Record excerpts below:

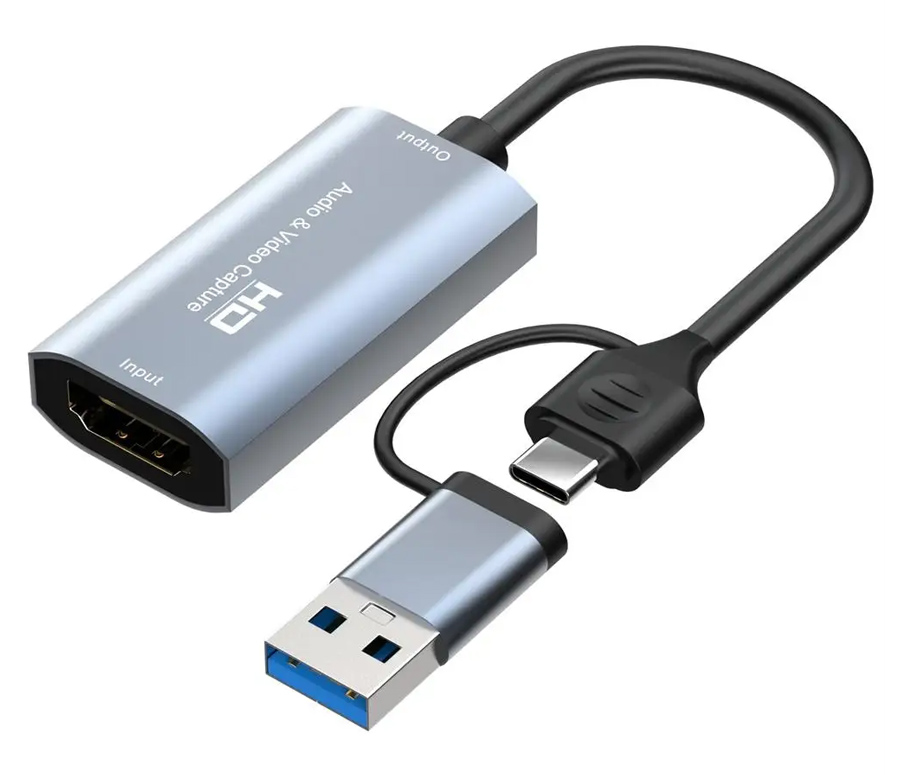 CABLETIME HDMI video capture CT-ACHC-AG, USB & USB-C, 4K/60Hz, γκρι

End of Record excerpts.
Record excerpts below:

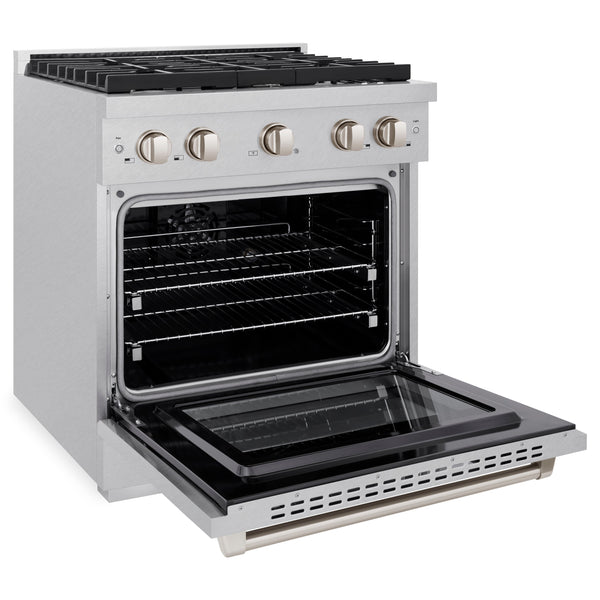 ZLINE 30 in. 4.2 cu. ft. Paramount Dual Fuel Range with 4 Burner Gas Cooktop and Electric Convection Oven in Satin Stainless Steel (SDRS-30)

End of Record excerpts.
Record excerpts below:

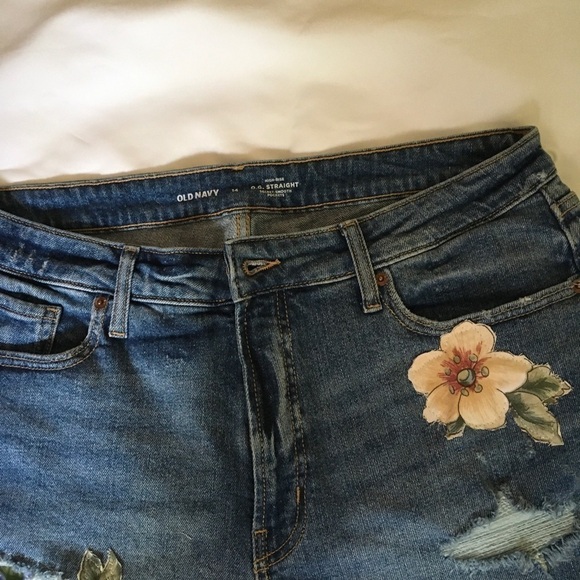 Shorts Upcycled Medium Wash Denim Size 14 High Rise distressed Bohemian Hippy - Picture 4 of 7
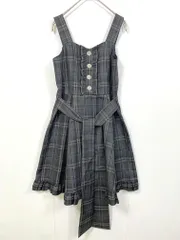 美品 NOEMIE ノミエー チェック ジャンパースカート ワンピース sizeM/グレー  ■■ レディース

End of Record excerpts.

Requirement =>
Starting from the line with "Shorts Upcycled Medium" in the records above, repeat each line exactly until you have written the line with "美品 NOEMIE ノミエー", then stop; drop the pictures.

Task solution =>
 Shorts Upcycled Medium Wash Denim Size 14 High Rise distressed Bohemian Hippy - Picture 4 of 7
 美品 NOEMIE ノミエー チェック ジャンパースカート ワンピース sizeM/グレー  ■■ レディース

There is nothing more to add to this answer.